#### [What needs to be done]
The answer must be an exact copy of the records, with no pictures in it.

#### [Source material]
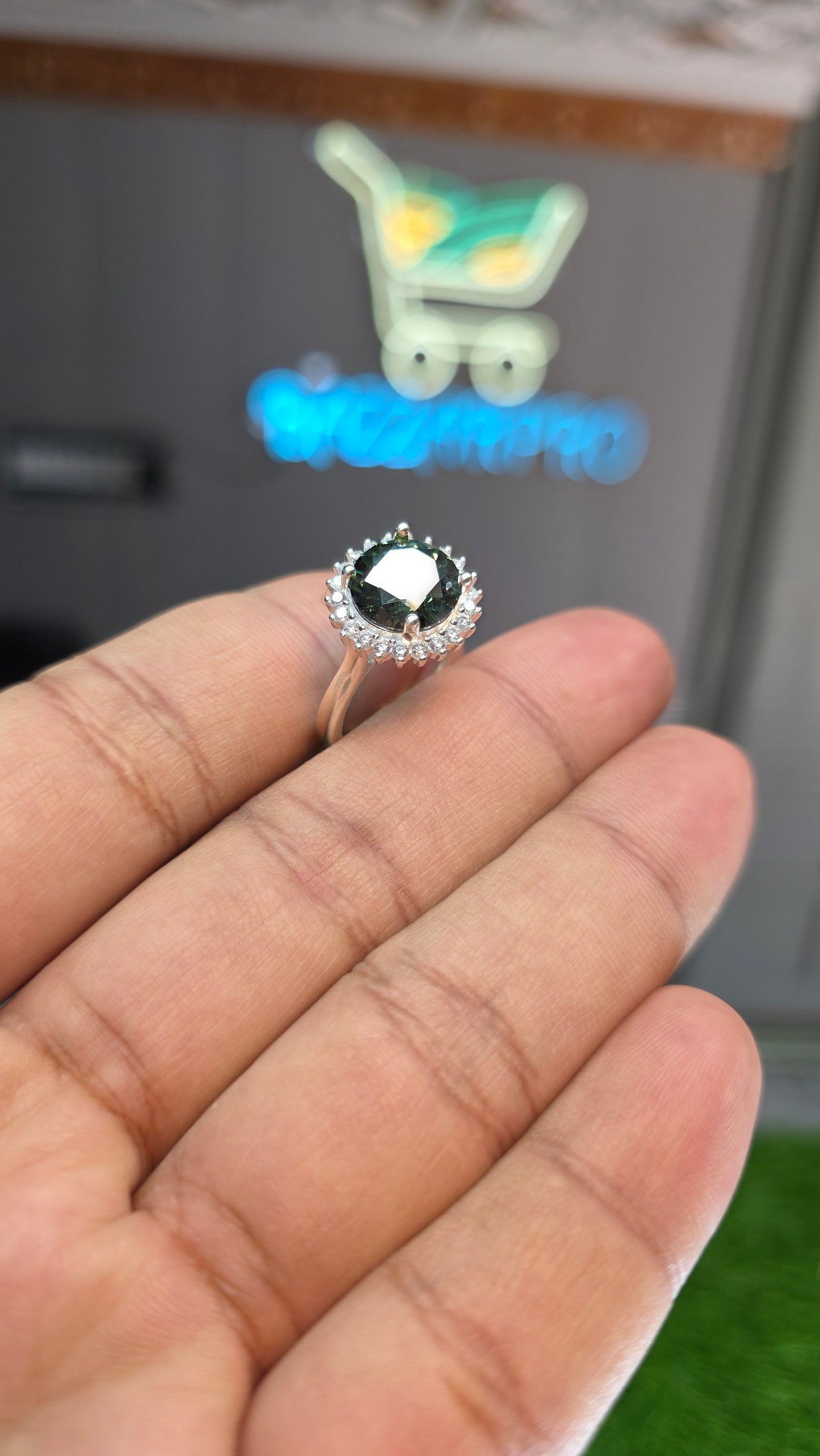 Premium Quality Green Moissanite Ring (Ladies)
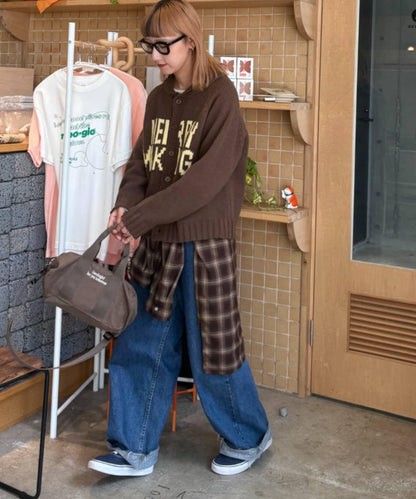 【UNISEX】標誌性圍巾領針織開衫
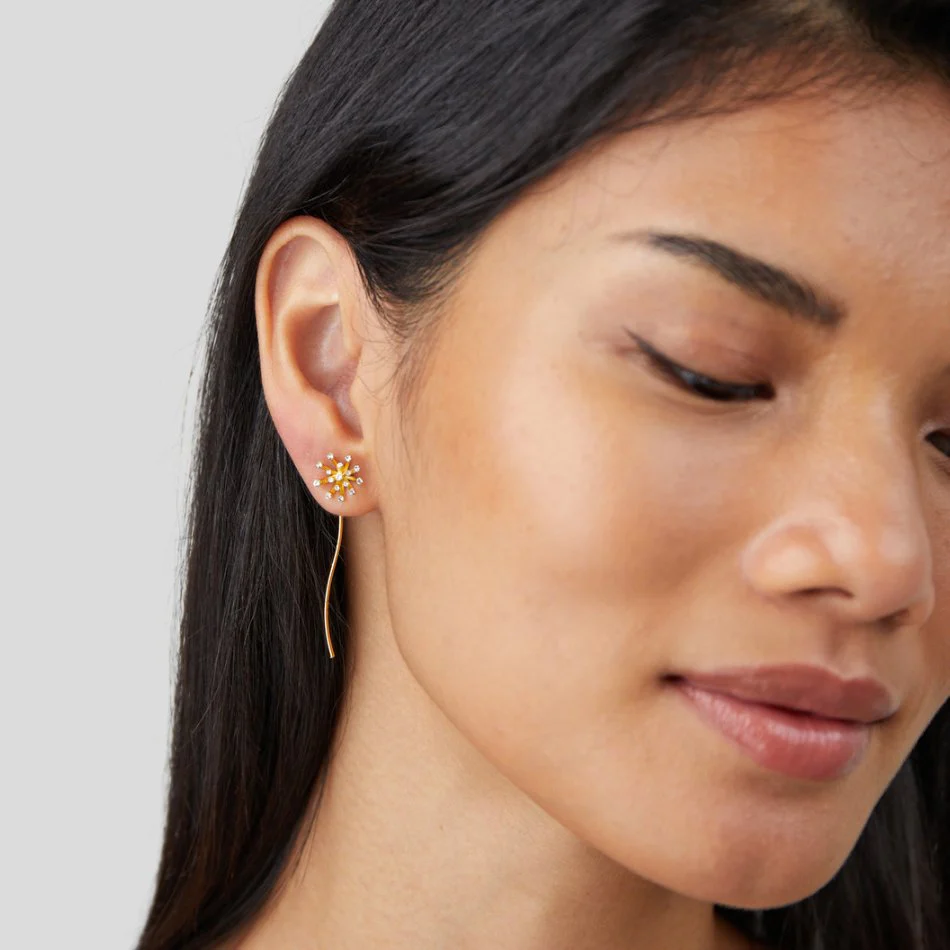 18K Goldohrringe mit Pusteblume „Make a Wish“  - Image 5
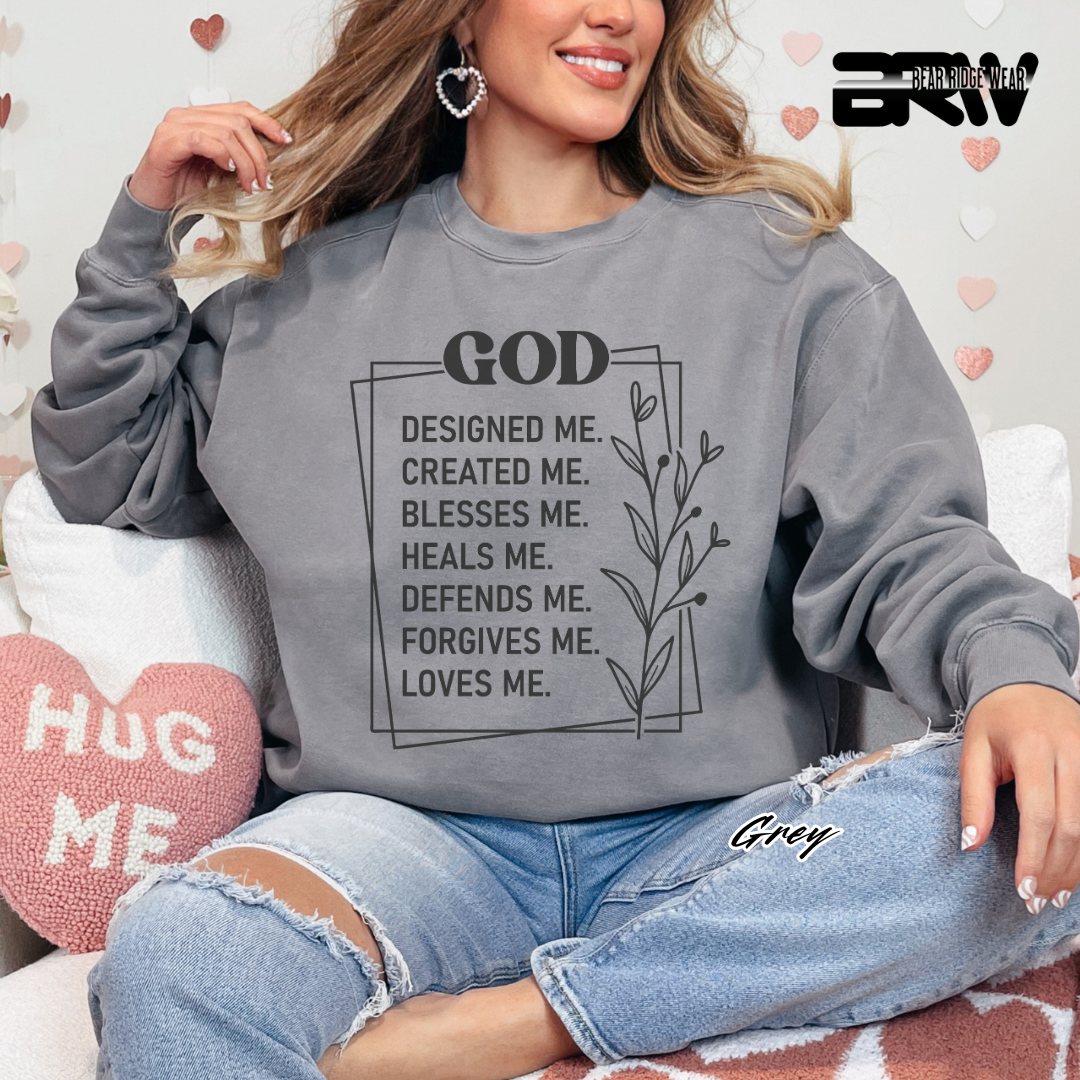 'God Designed, Created, Blesses, Heals Me' Faith Long Sleeve Tee
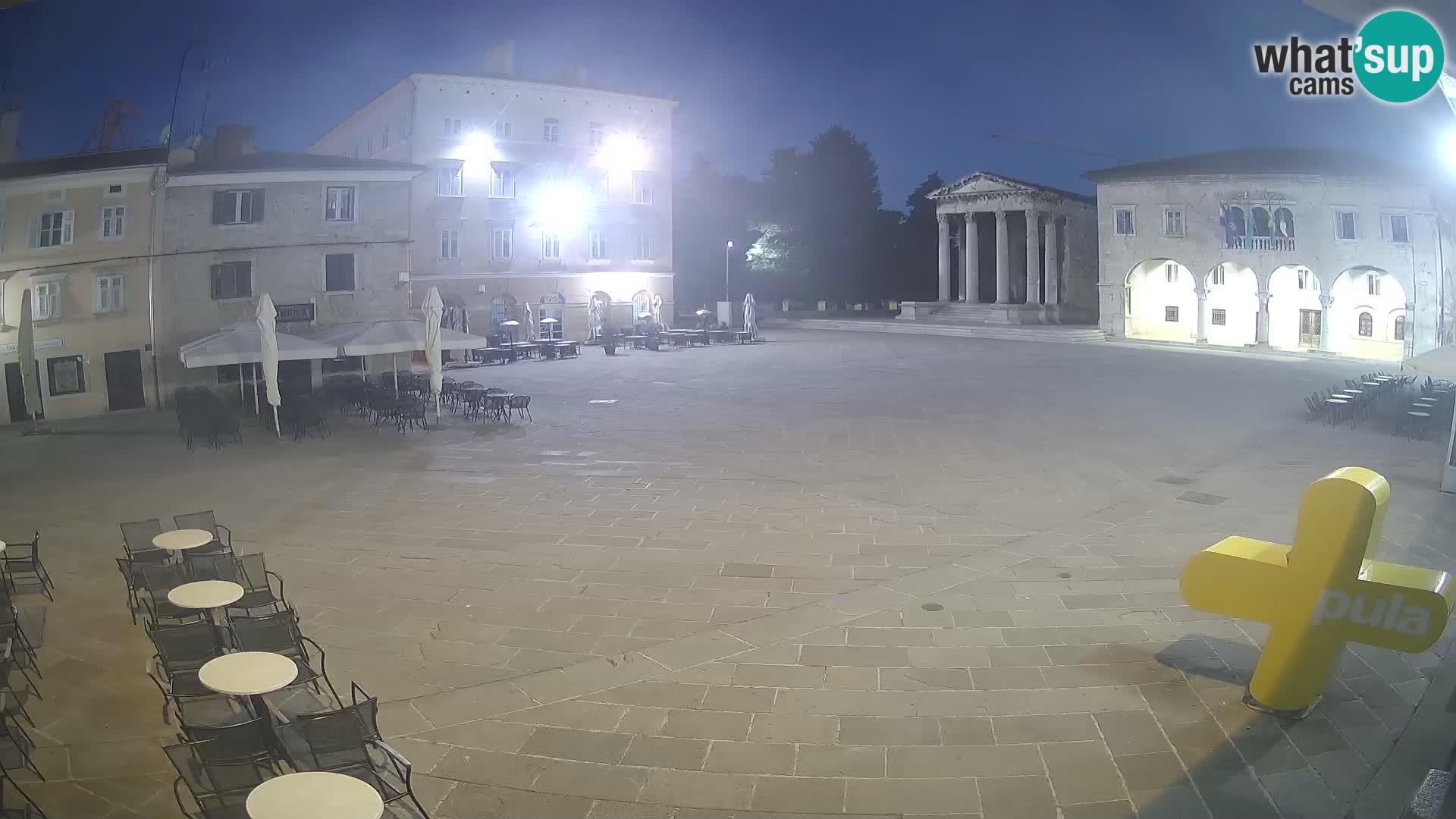 Pula webcam – Forum-Platz und Augustus-Tempel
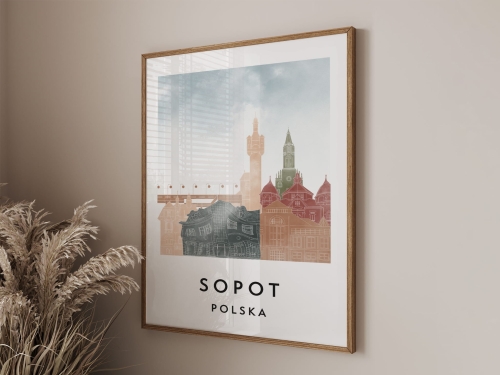 Plakat do salonu skylines Sopot w stylu Watercolor/ Akwarelowym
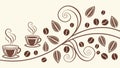 Coffee Beans & Cups Pattern Vector, Cafe Decor, vector design Generative AI Royalty Free Stock Photo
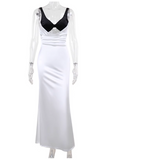 Niulatu Yellow V Neck Sheath Satin Long Prom Dresses Birthday Dresses Glam Guest Dresses HZ1031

#### [Exercise output]
 Premium Quality Green Moissanite Ring (Ladies)
 【UNISEX】標誌性圍巾領針織開衫
 18K Goldohrringe mit Pusteblume „Make a Wish“  - Image 5
 'God Designed, Created, Blesses, Heals Me' Faith Long Sleeve Tee
 Pula webcam – Forum-Platz und Augustus-Tempel
 Plakat do salonu skylines Sopot w stylu Watercolor/ Akwarelowym
 Coffee Beans & Cups Pattern Vector, Cafe Decor, vector design Generative AI Royalty Free Stock Photo
 Niulatu Yellow V Neck Sheath Satin Long Prom Dresses Birthday Dresses Glam Guest Dresses HZ1031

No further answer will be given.